Folha de S. Paulo


É sacanagem falar que fui comprado, diz juiz que libertou corintianos presos

"Já ouvi seu nome [inteiro] no rádio umas 20 vezes, já decorei", ouviu de uma colega no Foro Criminal da Barra Funda terça-feira o juiz Gilberto Azevedo de Moraes Costa, 33, da 17ª Vara.

Na véspera, ele havia assinado a sentença de absolvição de quatro torcedores que invadiram o centro de treinamento do Corinthians em 1º de fevereiro. Três estavam presos.

A denúncia do Gaeco (Grupo de Atuação Especial de Combate ao Crime Organizado) os acusava por formação de quadrilha, dano ao patrimônio e constrangimento legal qualificado.

Costa se assustou com a repercussão do caso. "Estou sendo esculhambado. Uma baita confusão por algo simples. Acho sacanagem dizerem que fui comprado, meus amigos me ligaram para contar", disse à Folha.

"Apareceu [na mídia] só a parte final da decisão, mas ela está toda fundamentada", defendeu-se.
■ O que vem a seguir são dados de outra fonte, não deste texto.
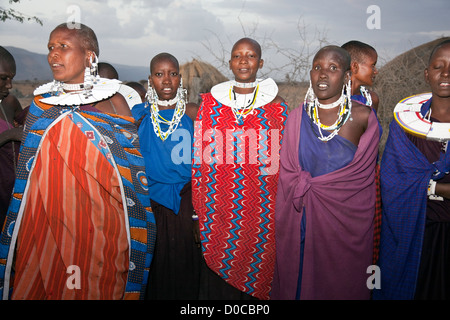 Massai-Frauen im Olpopongi Cultural Village in der Nähe von Kilimandscharo in Tansania; Ost-Afrika; Afrika Stockfoto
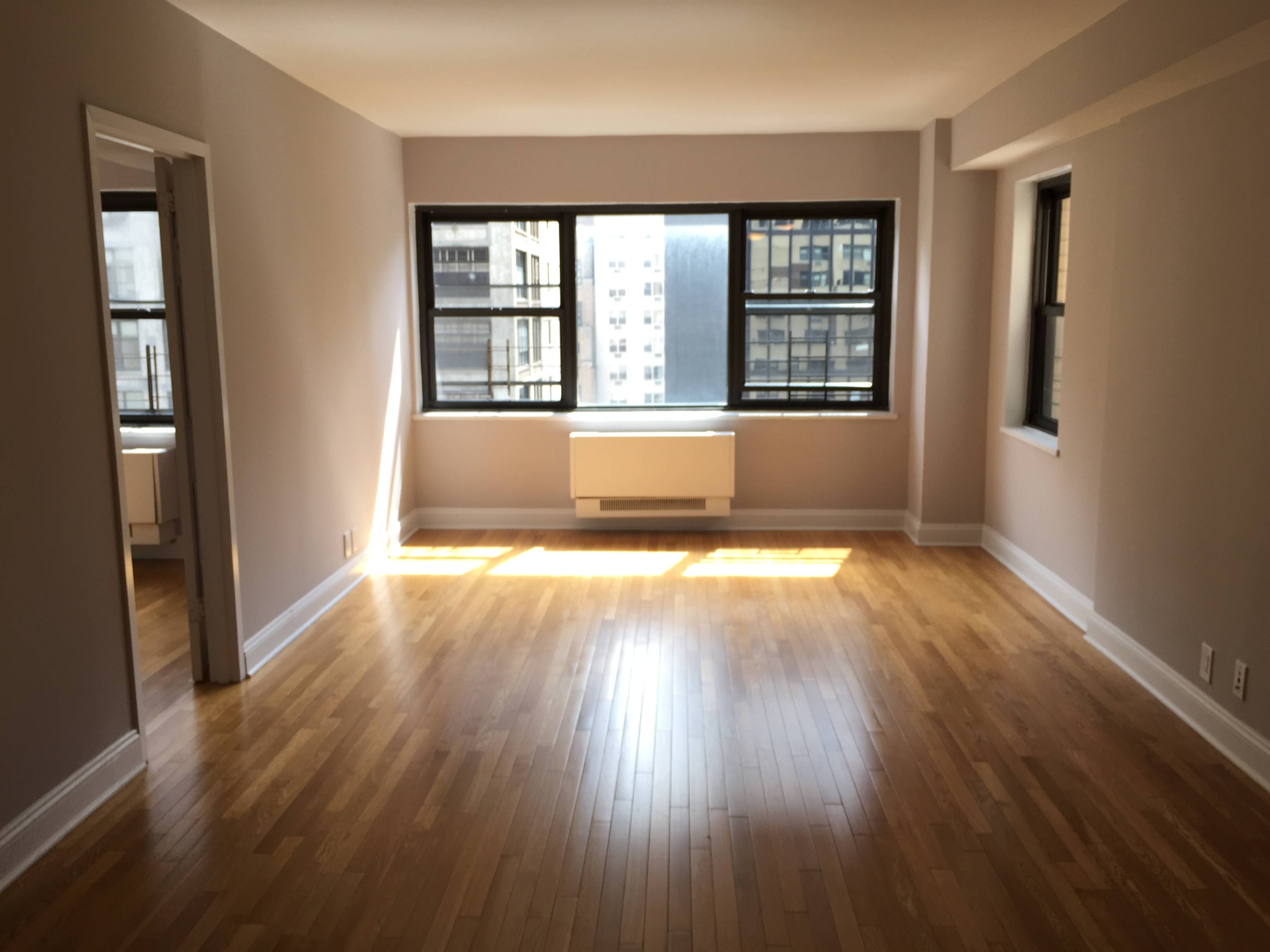 Midtown East MASSIVE 5 Bedroom/3 Bath with Washer/Dryer in Unit - $8,695 & NO FEE!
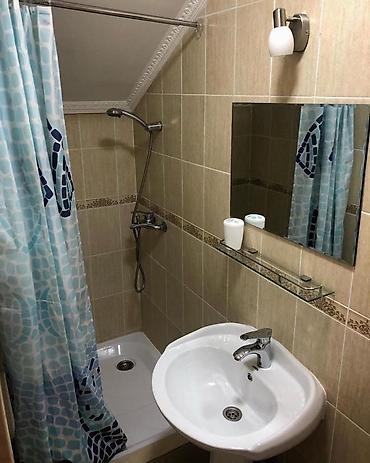 Продажа коттеджей и домов: Продается коттедж в ЦО Лазурный берег Общая площадь 120 кв м Участок 3 at lalafo.kg — 19 Продажа коттеджей и домов: Продается коттедж в ЦО Лазурный берег Общая площадь 120 кв м Участок 3 — 19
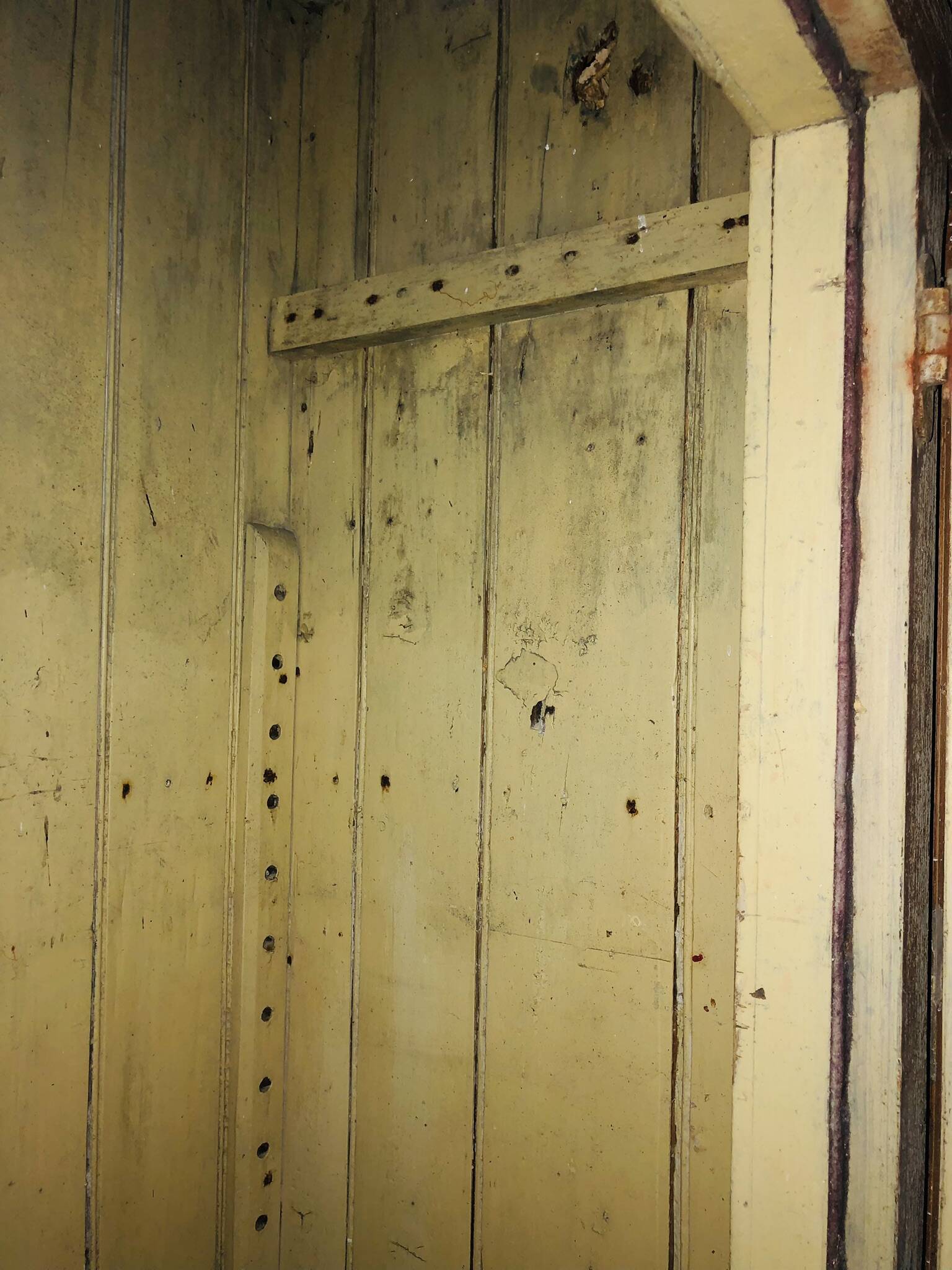 Large Fridge - Cabinet in a pretty Dijon patina from the 1900s
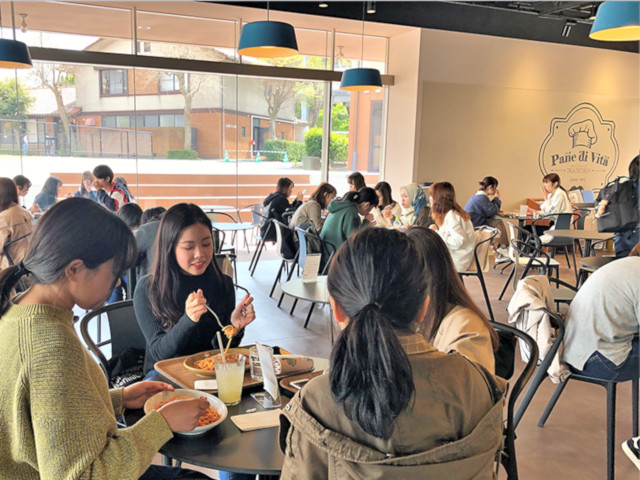 梅光学院大学の学食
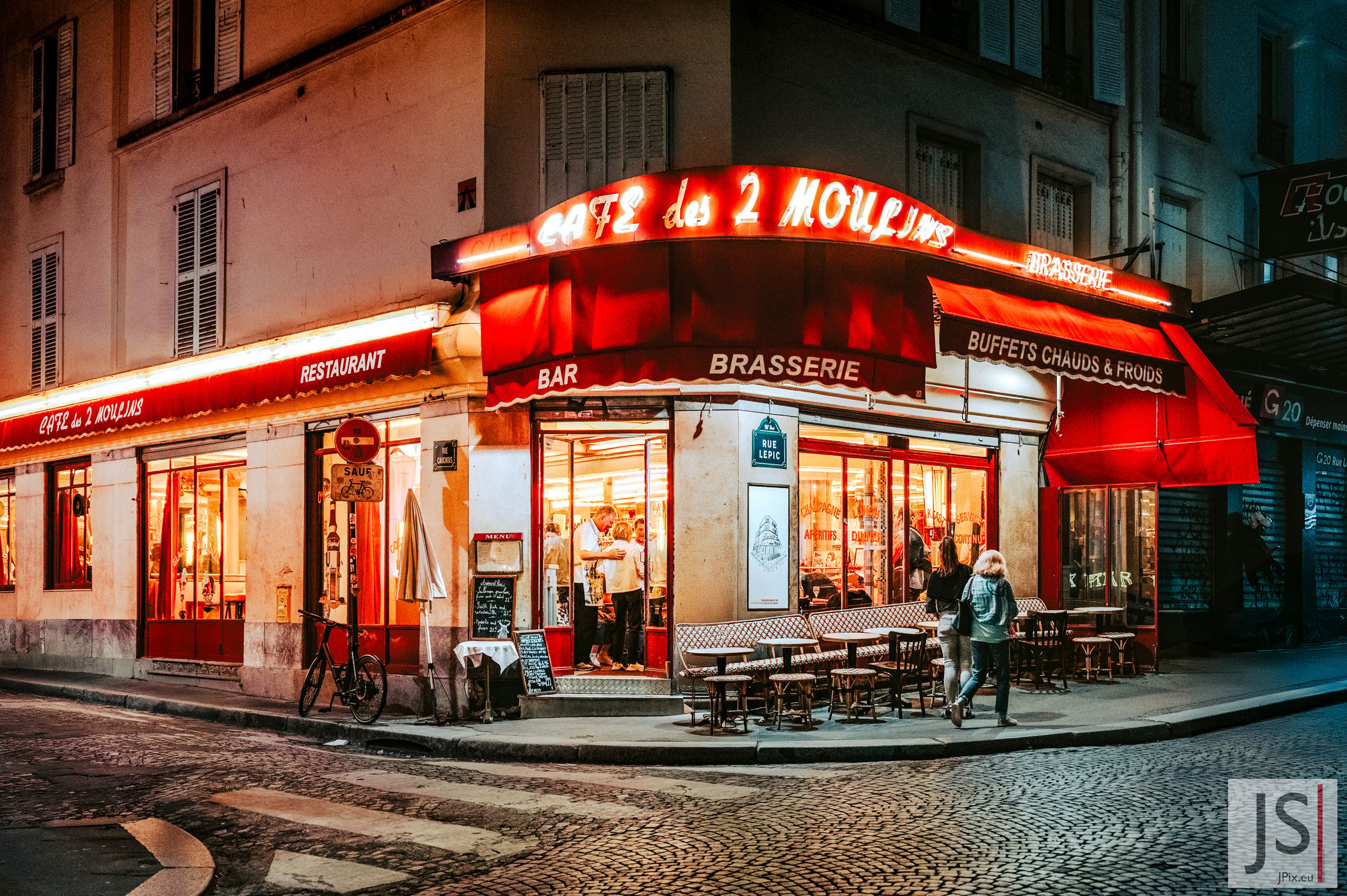 Café des 2 Moulins, Montmartre, Paris, France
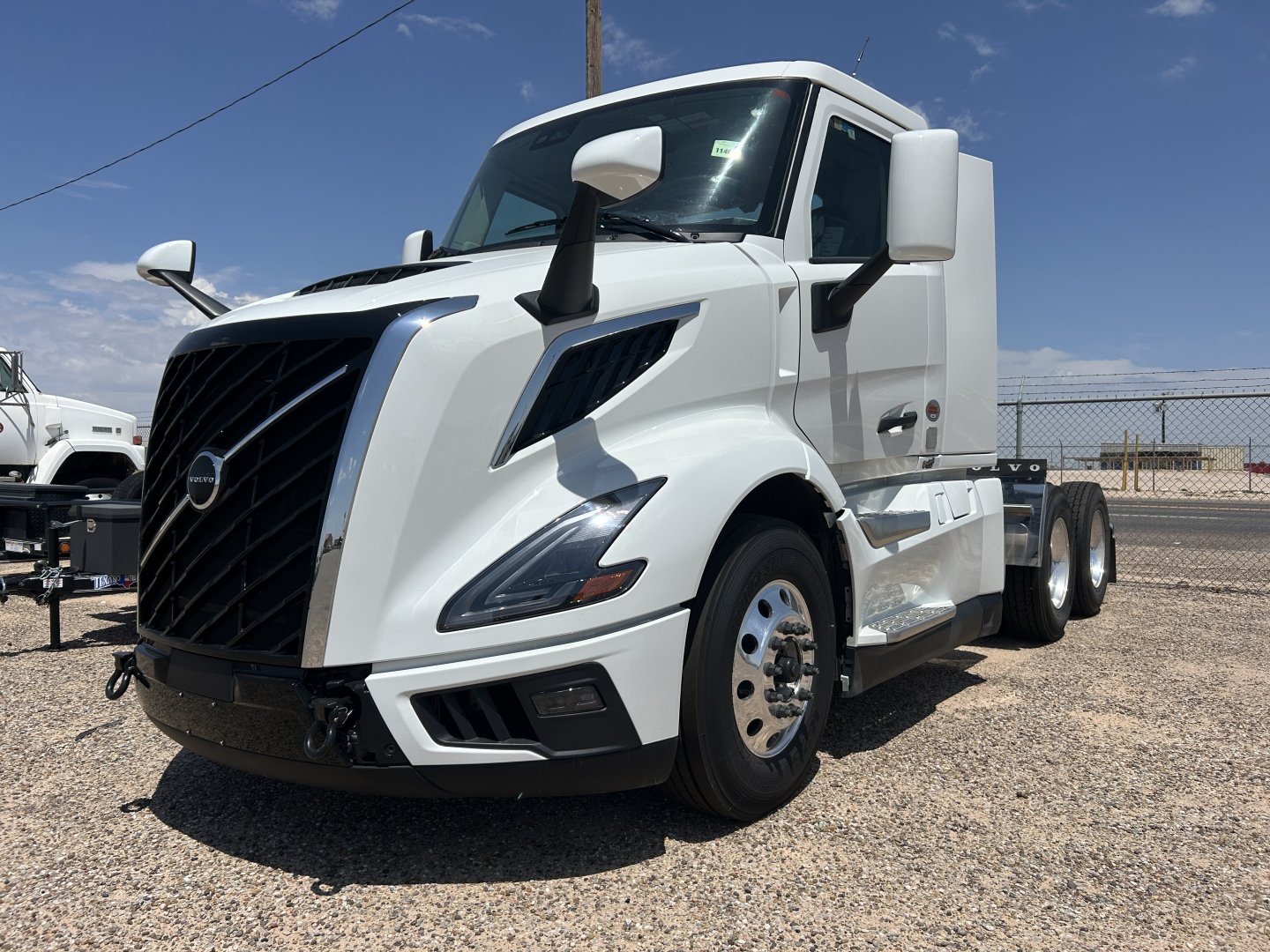 2026 Volvo VNL64T300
Ele considerou que não se tratava de uma quadrilha. "Não houve reunião estável e permanente", interpretou.

O juiz argumentou que os quatro réus não foram apontados como autores das agressões, dos constrangimentos e dos danos.

"Só julgo o que me enviaram. Não puseram que eles roubaram e agrediram, não tem descrição de lesão corporal nos autos. O juiz tem que ser imparcial", alegou.

Ele escreveu na sentença que os acusados, identificados por testemunhas como líderes, "obviamente não são responsáveis por atos de terceiro".

"Pelo que sei, foram mais de cem que invadiram", disse.

Costa rebateu críticas sobre impunidade. "Queriam que ficassem presos? Se pegassem as penas máximas, algo que nunca acontece, algo impossível, ainda assim eles teriam direito a regime aberto, iam ficar na rua", contou.

Ele admitiu que não acompanha futebol. "Antigamente eu dizia que era são-paulino, mas nem sei se o Rogério Ceni ainda está jogando. O Muricy [Ramalho], eu vi que voltou [a treinar o time]", afirmou.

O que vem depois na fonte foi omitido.